Golf i biznes. Mają ze sobą wiele wspólnego

Dlaczego golf? Bo świetnie łączy w sobie rekreację i funkcje integracyjne. Do tego od zawsze kojarzony był z... biznesem. Taki jest cel organizowanych przez Business Partners Club turniejów golfowych, poznać się bliżej i zdobyć nowe kontakty biznesowe.
Kolejny rok z rzędu gościliśmy na polu golfowym kompleksu Ropice, bo to jeden z 10. tego typu najlepszych obiektów w Republice Czeskiej, do tego ulokowany jest bardzo blisko polskiej granicy. Z pola golfowego roztacza się piękny widok na masyw Beskidu Śląskiego.
Tego dnia pogoda była idealna do uprawiania takiej formy rekreacji, nie było upalnie, nie było także deszczowo. - Wspaniały dzień, pełen relaksu, wreszcie - opowiadał jeden z zaproszonych gości.
- Zaprosiłem dwóch Klientów i gram z nimi cały turniej. Będzie okazja, by bliżej sie poznać. Poznać także kluczowych Klientów z całej firmy - komentował Konrad Duszyński, menadżer BPC oraz koordynator Działu Marketingu. - Reakcja Klientów na zaproszenie była pozytywna. Mogli w ten sposób zobaczyć jeszcze bardziej jak ta firma jest duża i jak wiele możemy zdziałać - opisuje opiekun w BPC, Mateusz Kral.
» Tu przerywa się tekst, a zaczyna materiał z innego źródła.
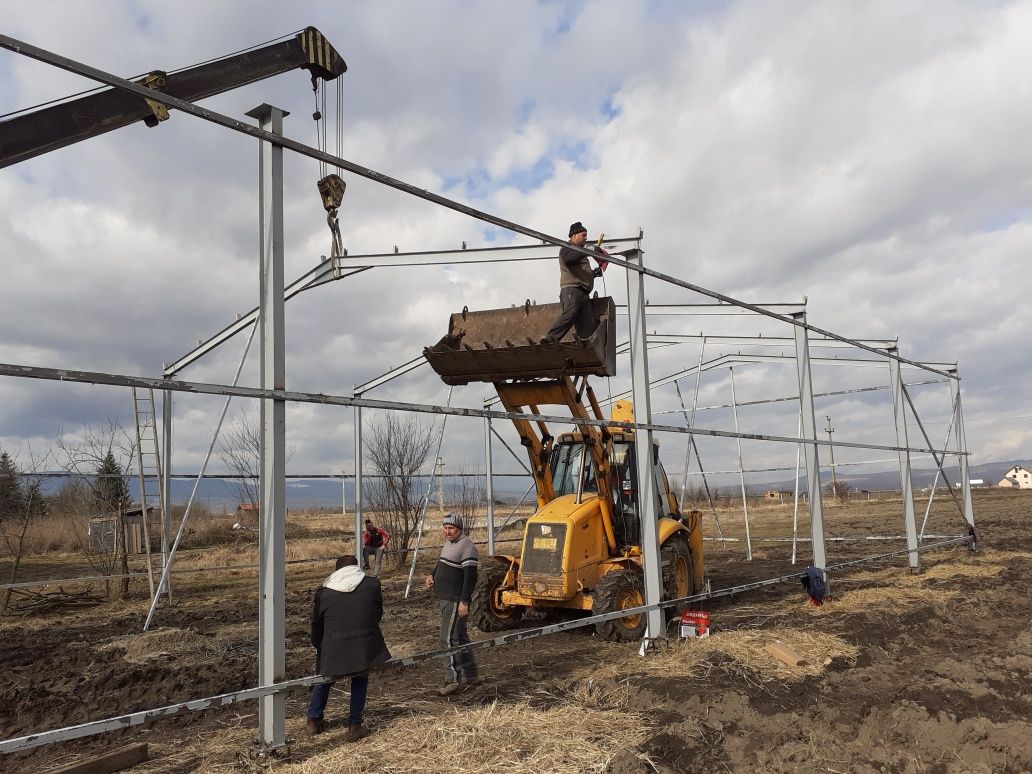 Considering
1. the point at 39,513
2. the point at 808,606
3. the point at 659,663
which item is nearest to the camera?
the point at 659,663

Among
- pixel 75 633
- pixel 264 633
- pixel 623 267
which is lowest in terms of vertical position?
pixel 75 633

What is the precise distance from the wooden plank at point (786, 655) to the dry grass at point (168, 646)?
6.12m

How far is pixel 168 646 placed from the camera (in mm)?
9391

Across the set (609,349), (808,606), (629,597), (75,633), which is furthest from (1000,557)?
(75,633)

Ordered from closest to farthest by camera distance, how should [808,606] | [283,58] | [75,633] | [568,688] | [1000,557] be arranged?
[568,688]
[283,58]
[808,606]
[75,633]
[1000,557]

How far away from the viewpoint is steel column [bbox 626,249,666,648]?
7.71 meters

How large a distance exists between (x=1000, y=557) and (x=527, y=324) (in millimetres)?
12546

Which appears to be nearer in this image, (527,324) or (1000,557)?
(527,324)

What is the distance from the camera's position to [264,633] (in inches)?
183

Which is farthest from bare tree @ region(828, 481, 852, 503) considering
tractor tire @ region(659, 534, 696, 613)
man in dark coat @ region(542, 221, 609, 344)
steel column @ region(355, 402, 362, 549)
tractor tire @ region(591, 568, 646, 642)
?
man in dark coat @ region(542, 221, 609, 344)

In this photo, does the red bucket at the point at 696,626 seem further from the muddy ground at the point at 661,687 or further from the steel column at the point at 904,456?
the steel column at the point at 904,456

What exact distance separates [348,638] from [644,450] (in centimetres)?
395

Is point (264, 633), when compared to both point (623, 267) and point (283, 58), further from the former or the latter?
point (283, 58)

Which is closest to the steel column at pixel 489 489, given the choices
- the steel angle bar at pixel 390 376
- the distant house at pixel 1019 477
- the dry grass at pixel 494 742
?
the steel angle bar at pixel 390 376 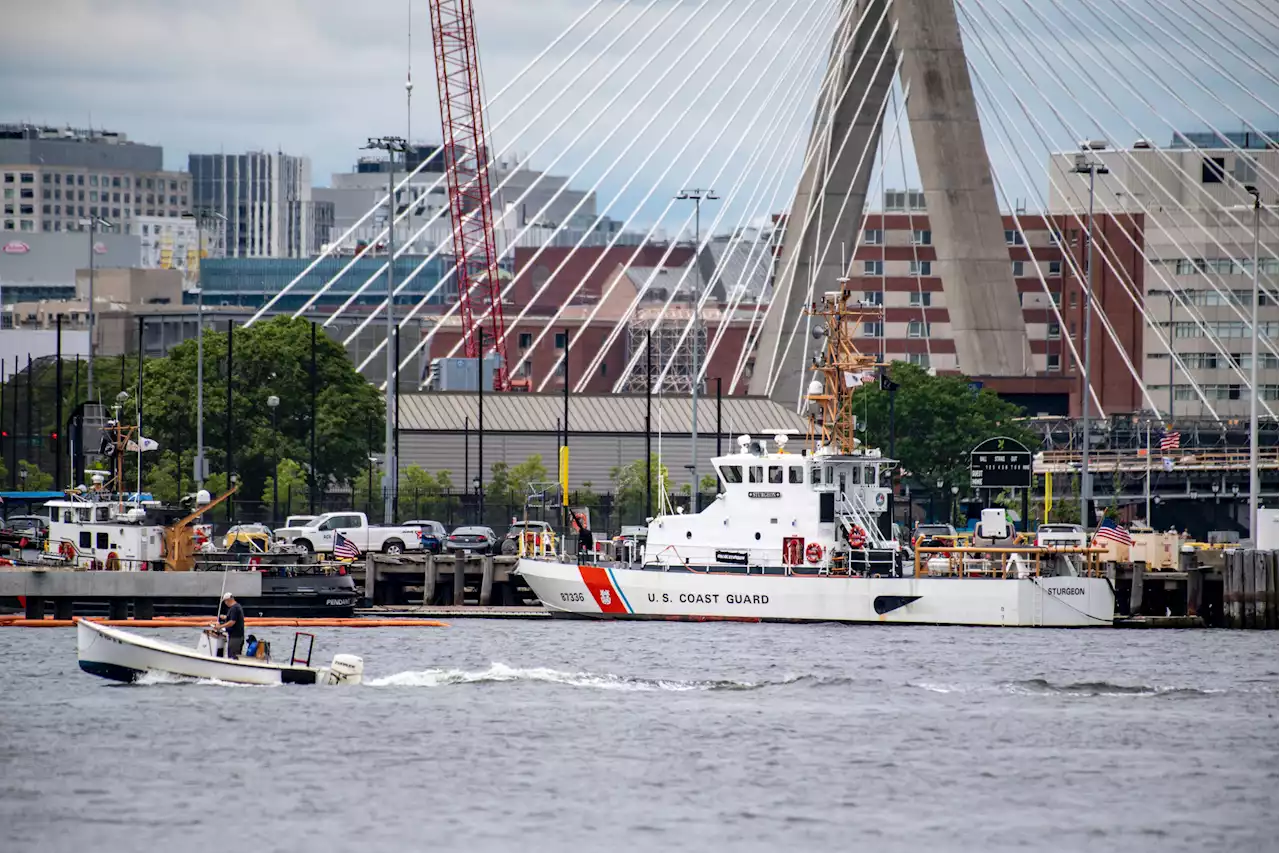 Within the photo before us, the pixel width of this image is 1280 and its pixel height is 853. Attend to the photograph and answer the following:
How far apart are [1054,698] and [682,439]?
7250 cm

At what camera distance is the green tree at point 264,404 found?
101312 mm

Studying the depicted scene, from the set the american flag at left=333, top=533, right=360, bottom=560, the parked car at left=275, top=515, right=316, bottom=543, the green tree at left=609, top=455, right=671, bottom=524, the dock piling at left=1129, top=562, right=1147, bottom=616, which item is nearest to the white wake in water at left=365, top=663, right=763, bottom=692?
the american flag at left=333, top=533, right=360, bottom=560

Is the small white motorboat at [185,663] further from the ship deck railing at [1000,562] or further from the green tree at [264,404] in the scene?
the green tree at [264,404]

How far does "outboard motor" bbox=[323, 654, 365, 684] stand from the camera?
1885 inches

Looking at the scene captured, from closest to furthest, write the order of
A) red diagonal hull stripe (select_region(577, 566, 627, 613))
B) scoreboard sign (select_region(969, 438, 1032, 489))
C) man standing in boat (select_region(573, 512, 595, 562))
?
red diagonal hull stripe (select_region(577, 566, 627, 613)) → man standing in boat (select_region(573, 512, 595, 562)) → scoreboard sign (select_region(969, 438, 1032, 489))

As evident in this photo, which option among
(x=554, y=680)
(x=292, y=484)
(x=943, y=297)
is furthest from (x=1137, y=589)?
(x=943, y=297)

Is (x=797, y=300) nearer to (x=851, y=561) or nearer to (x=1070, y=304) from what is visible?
(x=851, y=561)

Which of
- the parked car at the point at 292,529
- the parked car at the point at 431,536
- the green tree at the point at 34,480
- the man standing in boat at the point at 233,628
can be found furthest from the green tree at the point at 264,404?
the man standing in boat at the point at 233,628

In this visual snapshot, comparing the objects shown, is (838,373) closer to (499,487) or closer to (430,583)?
(430,583)

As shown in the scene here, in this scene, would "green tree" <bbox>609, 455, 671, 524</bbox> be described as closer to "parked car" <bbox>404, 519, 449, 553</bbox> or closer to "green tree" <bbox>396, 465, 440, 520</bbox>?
"green tree" <bbox>396, 465, 440, 520</bbox>

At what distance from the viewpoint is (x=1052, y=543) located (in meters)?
63.7

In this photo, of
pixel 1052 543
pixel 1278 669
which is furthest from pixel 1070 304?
pixel 1278 669

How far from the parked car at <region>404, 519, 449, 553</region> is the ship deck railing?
68.8ft

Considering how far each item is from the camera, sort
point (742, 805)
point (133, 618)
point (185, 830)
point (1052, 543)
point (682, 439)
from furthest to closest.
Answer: point (682, 439) → point (1052, 543) → point (133, 618) → point (742, 805) → point (185, 830) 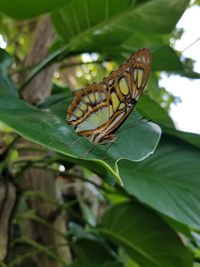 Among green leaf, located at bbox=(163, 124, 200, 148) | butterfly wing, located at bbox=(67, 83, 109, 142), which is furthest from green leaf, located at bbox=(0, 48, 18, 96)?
green leaf, located at bbox=(163, 124, 200, 148)

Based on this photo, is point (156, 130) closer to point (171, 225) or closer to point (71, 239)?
point (171, 225)

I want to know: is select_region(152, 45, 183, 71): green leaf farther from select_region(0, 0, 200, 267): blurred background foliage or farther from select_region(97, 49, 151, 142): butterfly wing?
select_region(97, 49, 151, 142): butterfly wing

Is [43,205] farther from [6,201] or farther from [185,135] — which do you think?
[185,135]

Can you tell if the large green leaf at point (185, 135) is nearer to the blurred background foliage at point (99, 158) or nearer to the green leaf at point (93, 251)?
the blurred background foliage at point (99, 158)

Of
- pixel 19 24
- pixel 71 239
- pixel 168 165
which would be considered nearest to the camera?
pixel 168 165

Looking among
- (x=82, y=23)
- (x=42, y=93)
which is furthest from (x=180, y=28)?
(x=82, y=23)

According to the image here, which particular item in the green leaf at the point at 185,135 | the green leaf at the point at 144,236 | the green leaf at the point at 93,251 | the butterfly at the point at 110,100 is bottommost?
the green leaf at the point at 93,251

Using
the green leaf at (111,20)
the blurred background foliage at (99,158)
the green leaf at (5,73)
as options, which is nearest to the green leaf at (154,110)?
the blurred background foliage at (99,158) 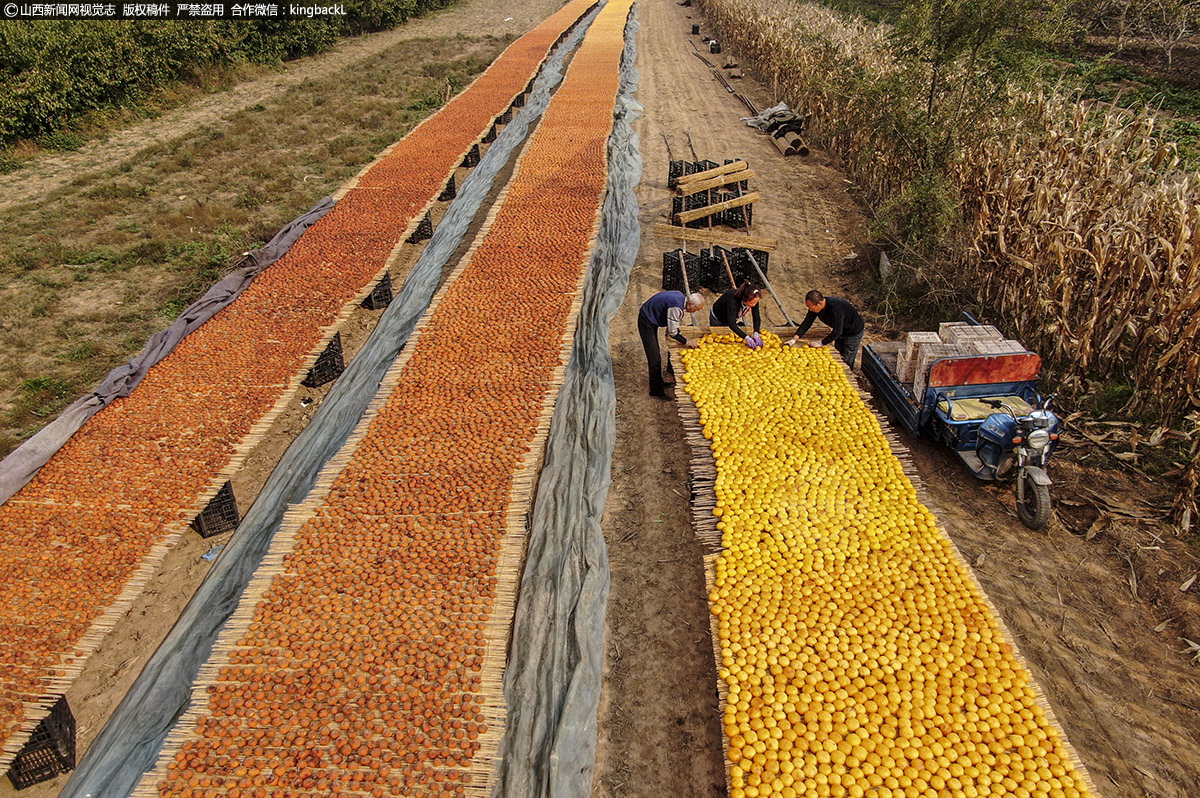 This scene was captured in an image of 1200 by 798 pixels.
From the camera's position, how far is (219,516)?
23.5 feet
Rozpoczęliśmy przed południem od spotkania w restauracji wchodzącej w skład kompleksu. Tam doszło do pierwszej wymiany opinii i pierwszych spotkań.
- Rewelacyjnie. Czekaliśmy na ten dzień. To pierwszy raz gdy będę grał w golfa i zakładam, że wygram - mówił z uśmiechem Grzegorz Rychwiński, menadżer BPC. - Poznać, poczuć, zagrać w golfa, nauczyć się tego, w międzyczasie poznać nowe osoby. To forma docenienia przez firmę, integracja i inne spojrzenie na świat, niekoniecznie przez pryzmat biznesu - dodał Bartłomiej Starypan, współpracownik BPC.
Organizując to wydarzenie tak naprawdę nie liczy się wynik, a poczucie dobrze spożytkowanego czasu, m.in. na zawarcie nowych relacji biznesowych, czy chociażby wymianę opinii. Jesteśmy usatysfakcjonowani gdy widzimy na Państwa twarzach uśmiech, a podczas prywatnych rozmów słyszymy, że udało się zdobyć nowy kontakt, który być może przełoży się na zawarcie transakcji.
- Usłyszałem od gości, że poznali ludzi, z którymi są już umówieni na spotkanie. Uważam, że jest to podstawa do dalszych kontaktów biznesowych - opowiada Dawid Kozioł, współzałożyciel BPC.
Opiekunowie i zaproszeni Klienci robili sobie pamiątkowe zdjęcia na ściance z logo BPC i działów wchodzących w skład Business Partners Club. Na koniec mamy nadzieję, że w przyszłym roku możliwy będzie rewanż w poszczególnych rozgrywkach. Tak naprawdę już cieszymy się na kolejne wspólne spotkanie i możliwość sprostania wymaganiom naszych Klientów.